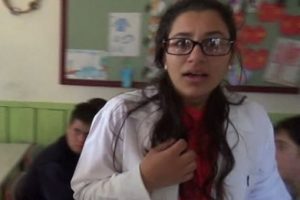 Gen&ccedil; kız neye uğradığını şaşırdı!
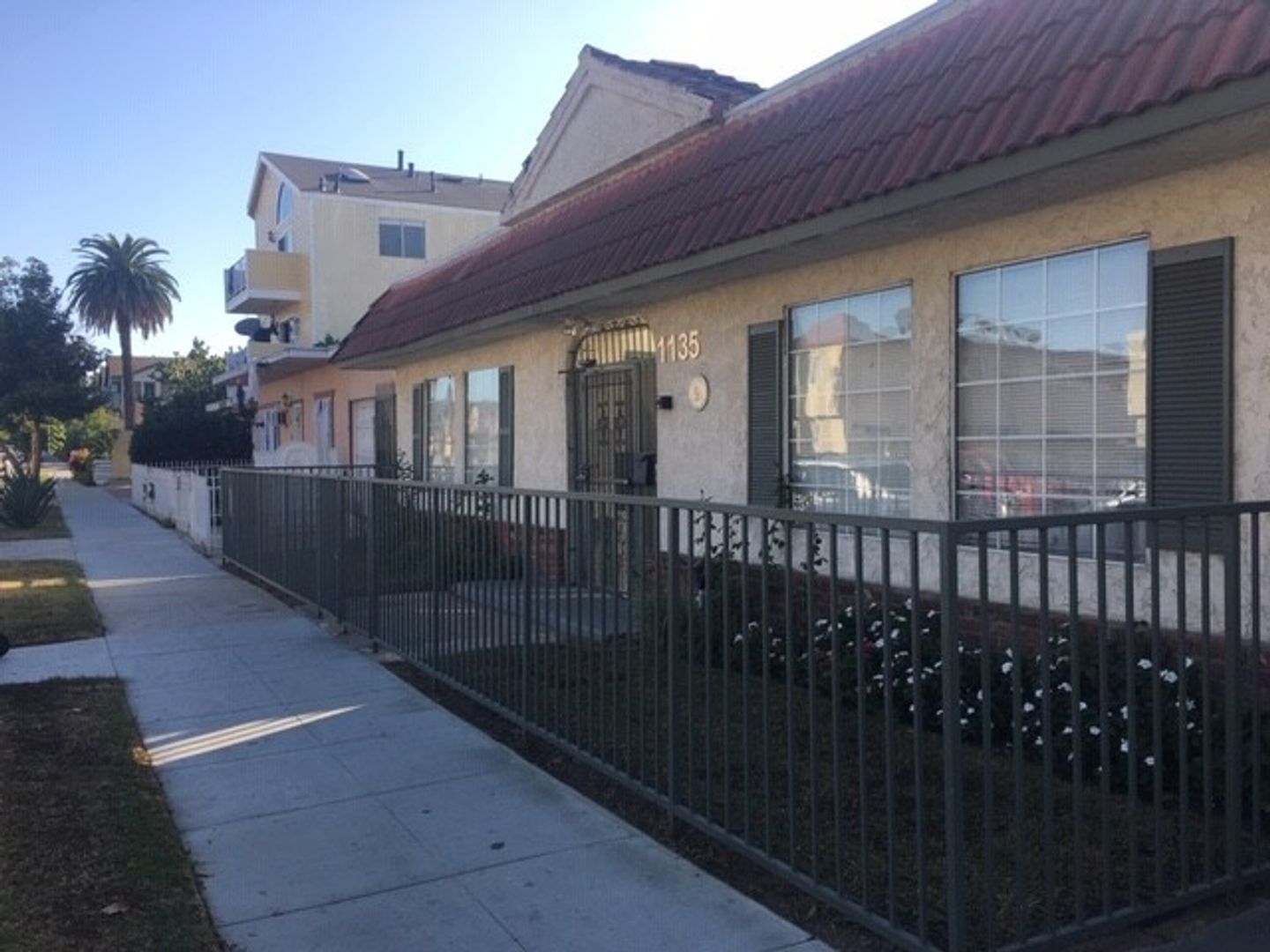 Long Beach Apartment: 1135 Dawson Ave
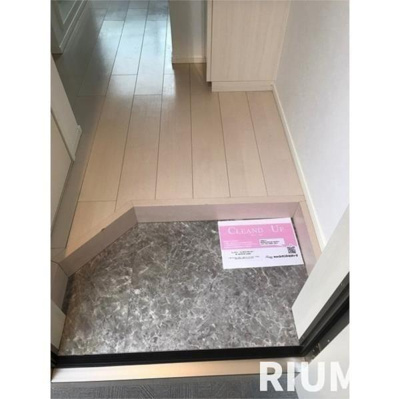 【玄関】 | リヴィエール中野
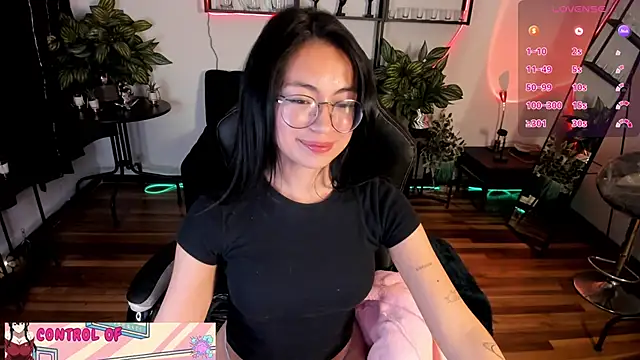 little_xioo_ webcam
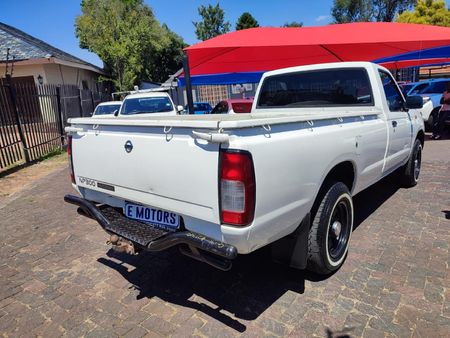 2020-Nissan-NP300-25-TDi-LWB-Single-Cab_6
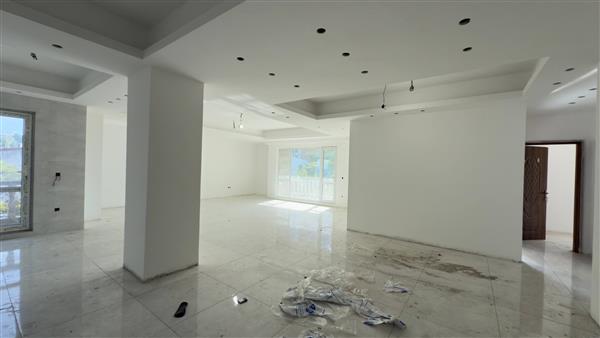 آپارتمان نوساز نزدیک به دریا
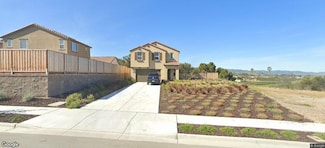 390 Tanoak St, Hollister, CA 95023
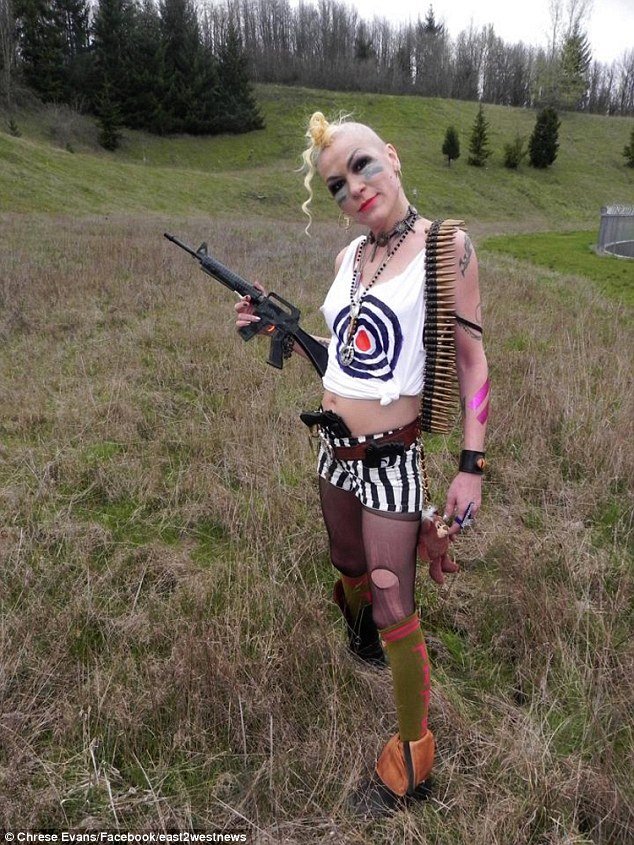 Η ροκ εγγονή του Ιωσήφ Στάλιν -Με τατουάζ και όπλο στα χέρια, ζει στις ΗΠΑ [εικόνες] | iefimerida.gr 2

Exercise instructions
Please write out the entire listing above exactly, but leave the pictures out.

Task solution
 Gen&ccedil; kız neye uğradığını şaşırdı!
 Long Beach Apartment: 1135 Dawson Ave
 【玄関】 | リヴィエール中野
 little_xioo_ webcam
 2020-Nissan-NP300-25-TDi-LWB-Single-Cab_6
 آپارتمان نوساز نزدیک به دریا
 390 Tanoak St, Hollister, CA 95023
 Η ροκ εγγονή του Ιωσήφ Στάλιν -Με τατουάζ και όπλο στα χέρια, ζει στις ΗΠΑ [εικόνες] | iefimerida.gr 2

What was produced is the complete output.